With the images removed, repeat the data below exactly.
------------------------------------------------------------------------
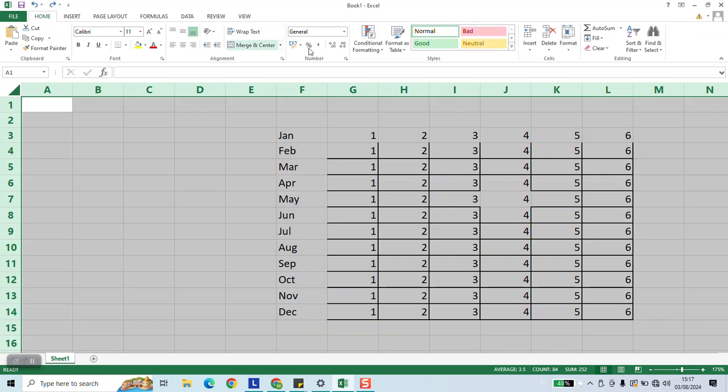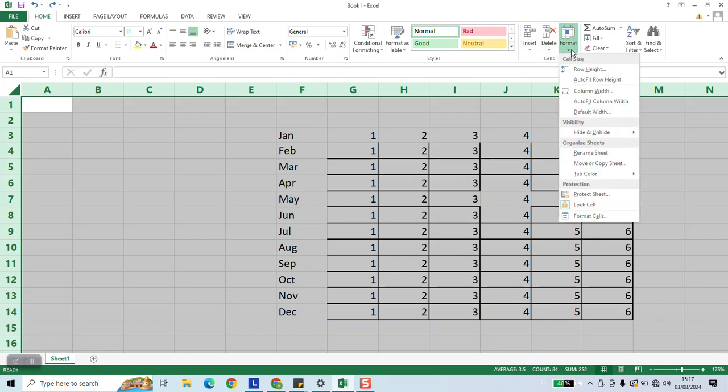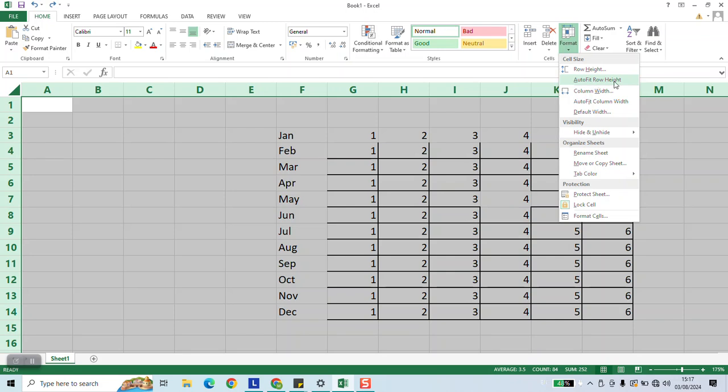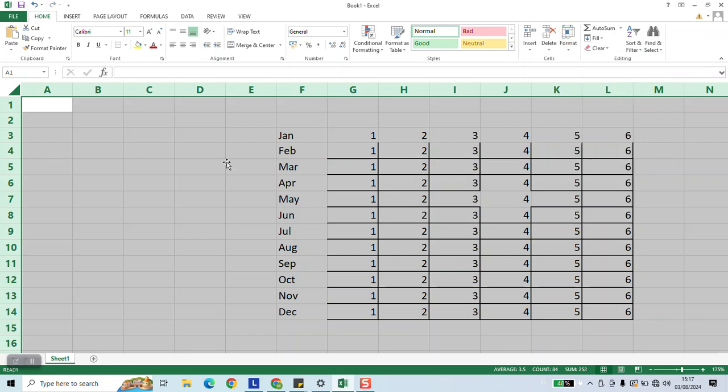Under Home Panel, go to the right. In Cells section, click on Format. Click on Autofit Row Height and this should adjust it for you.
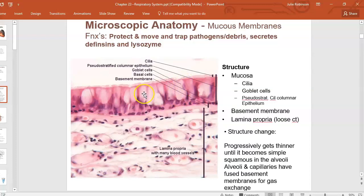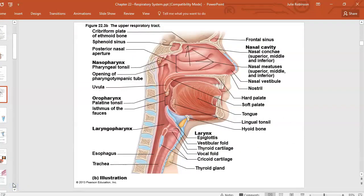Goblet cells — which look like fluffy white bubbles — secrete a protein called mucin. When mucin is combined with water it makes mucus. You can think of mucus as sort of like Jello, and mucin is the powder you add water to in order to make the Jello.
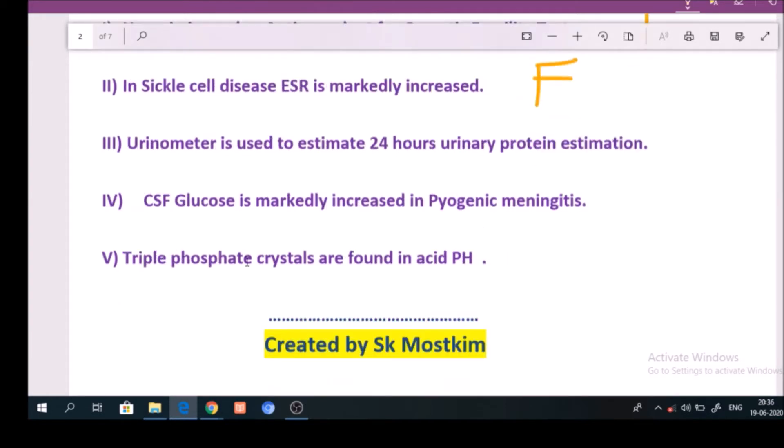Question number 3: Urinometer is used to estimate 24 hours urinary protein estimation. Answer: False.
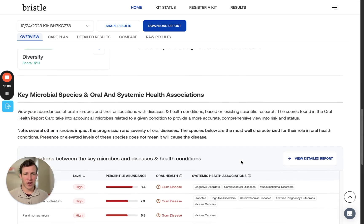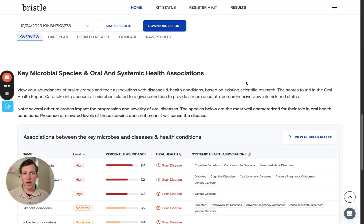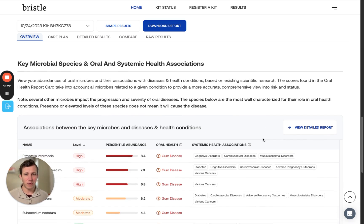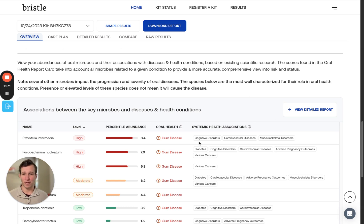As we continue down, you'll see that we have the oral and systemic health associations feature. Note that presence or elevated levels of these bacteria do not mean that they will cause disease or that you have the disease. This information is presented purely to help you understand if you have any bacteria that have been associated with systemic health conditions, so you can proactively address them and be aware of the impact they could potentially have on your oral and overall health.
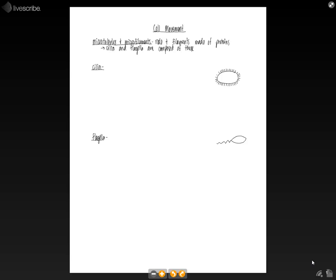And so the cilia and the flagella, which are the most common ways that cells move around, are composed of these microtubules and microfilaments. So first let's look at the cilia. Cilia are short little hairs covering the cell's surface, as you can see in the little picture that I drew on the side.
------------------------------------------------------------------------
Response box –
Under Home Panel, go to the right. In Cells section, click on Format. Click on Autofit Row Height and this should adjust it for you.
Goblet cells — which look like fluffy white bubbles — secrete a protein called mucin. When mucin is combined with water it makes mucus. You can think of mucus as sort of like Jello, and mucin is the powder you add water to in order to make the Jello.
Question number 3: Urinometer is used to estimate 24 hours urinary protein estimation. Answer: False.
As we continue down, you'll see that we have the oral and systemic health associations feature. Note that presence or elevated levels of these bacteria do not mean that they will cause disease or that you have the disease. This information is presented purely to help you understand if you have any bacteria that have been associated with systemic health conditions, so you can proactively address them and be aware of the impact they could potentially have on your oral and overall health.
And so the cilia and the flagella, which are the most common ways that cells move around, are composed of these microtubules and microfilaments. So first let's look at the cilia. Cilia are short little hairs covering the cell's surface, as you can see in the little picture that I drew on the side.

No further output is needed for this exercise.